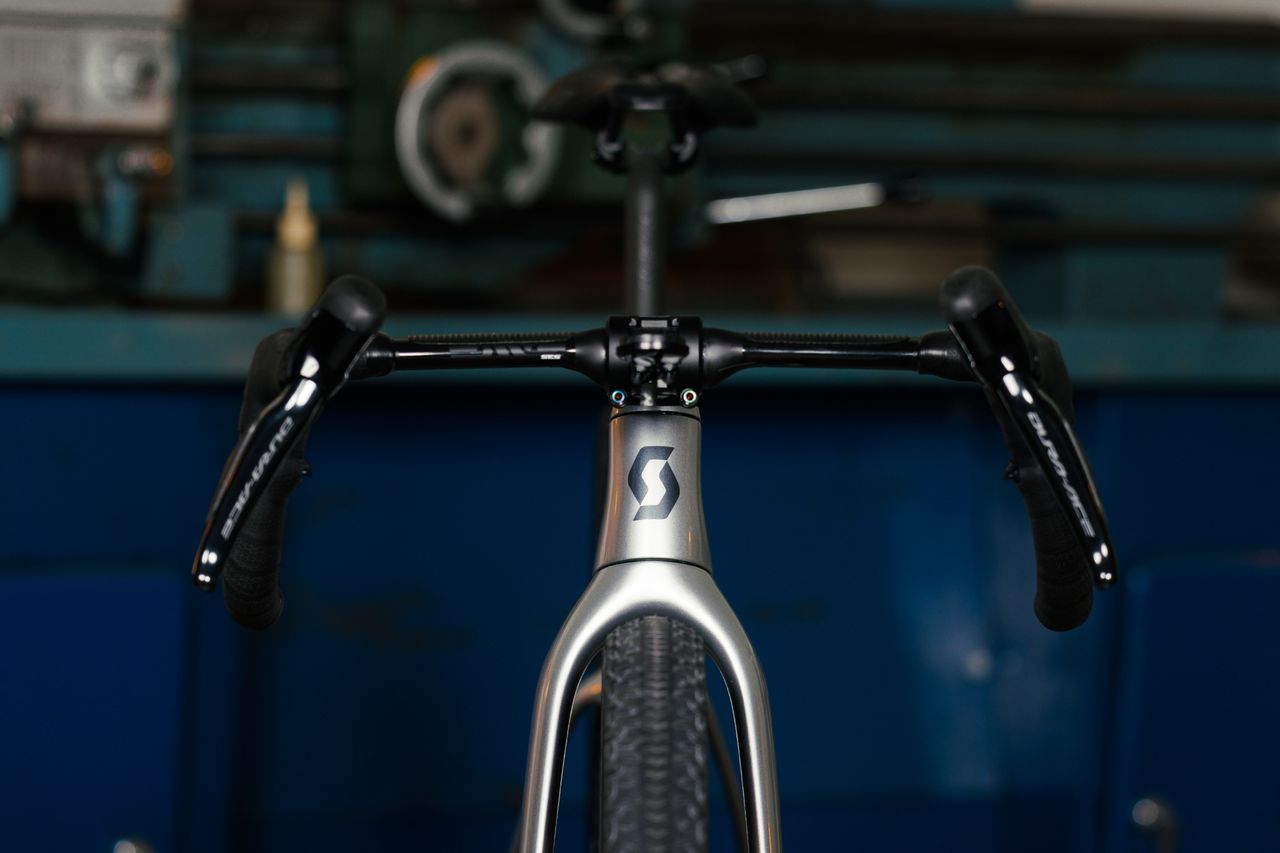 Cam Jones's Scott RC Gravel 32" Bike Prototype
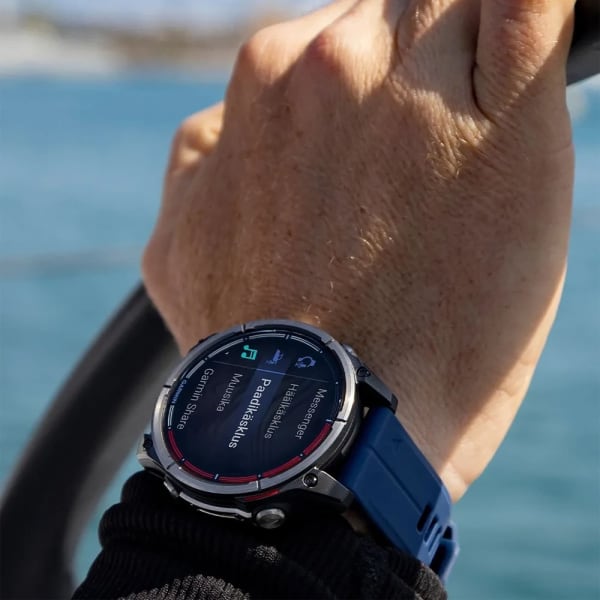 Garmin Quatix 8 — 51 мм AMOLED — 8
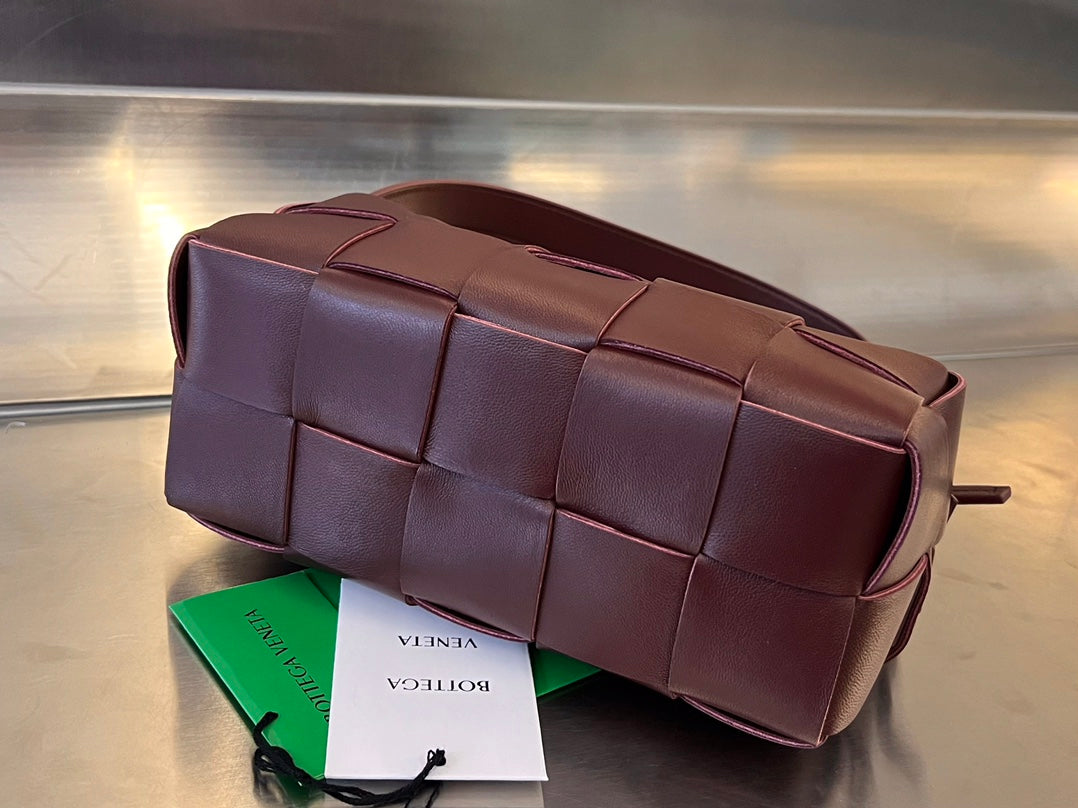 BRICK CASSETTE 28 IN WINE RED CALFSHIN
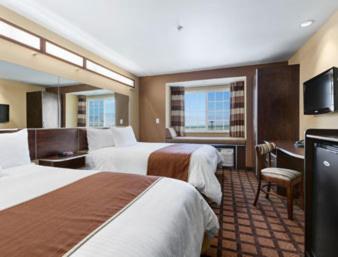 Queen Room with Two Queen Beds - Non-Smoking - Photo 2
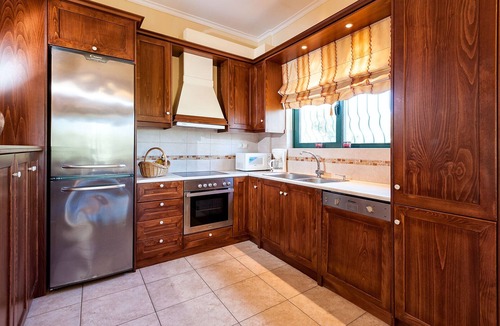 Chania Villa | Private pool ★ Large garden ★ Wifi ★ 2min drive to beach ★ 3 bedrooms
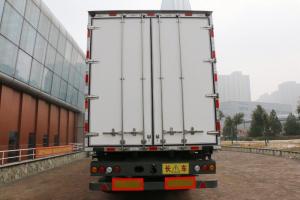 中國重汽 汕德卡SITRAK C7H重卡 480馬力 6X2 國五中置軸貨運車(ZZ5266ZKXV603HE1)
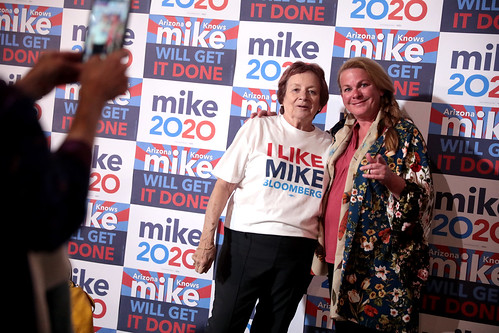 Michael Bloomberg supporters by Gage Skidmore, on Flickr
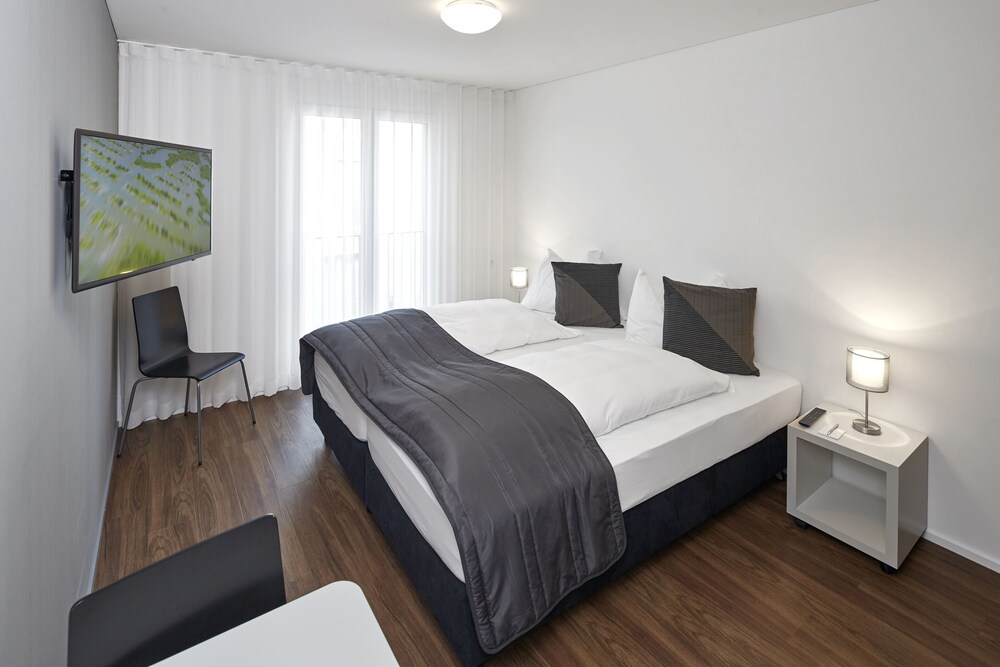 

Bologna - Baden, Switzerland - Aparthotel Baden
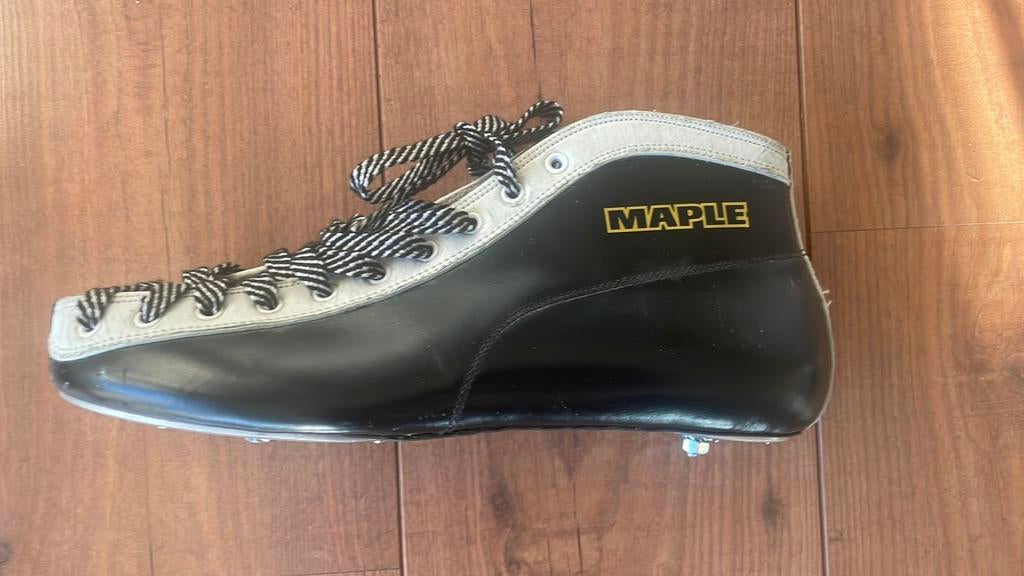 Maple. Schaatsschoen maat 42, Ophalen of Verzenden, Zo goed als nieuw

--------------------------------------------------

=== TASK DETAILS ===
Produce an exact copy of the lines from the line with "Chania Villa |" through the last line of the data above, both ends included. No pictures belong in it.

=== SOLUTION TO THIS PROBLEM ===
 Chania Villa | Private pool ★ Large garden ★ Wifi ★ 2min drive to beach ★ 3 bedrooms
 中國重汽 汕德卡SITRAK C7H重卡 480馬力 6X2 國五中置軸貨運車(ZZ5266ZKXV603HE1)
 Michael Bloomberg supporters by Gage Skidmore, on Flickr

Bologna - Baden, Switzerland - Aparthotel Baden
 Maple. Schaatsschoen maat 42, Ophalen of Verzenden, Zo goed als nieuw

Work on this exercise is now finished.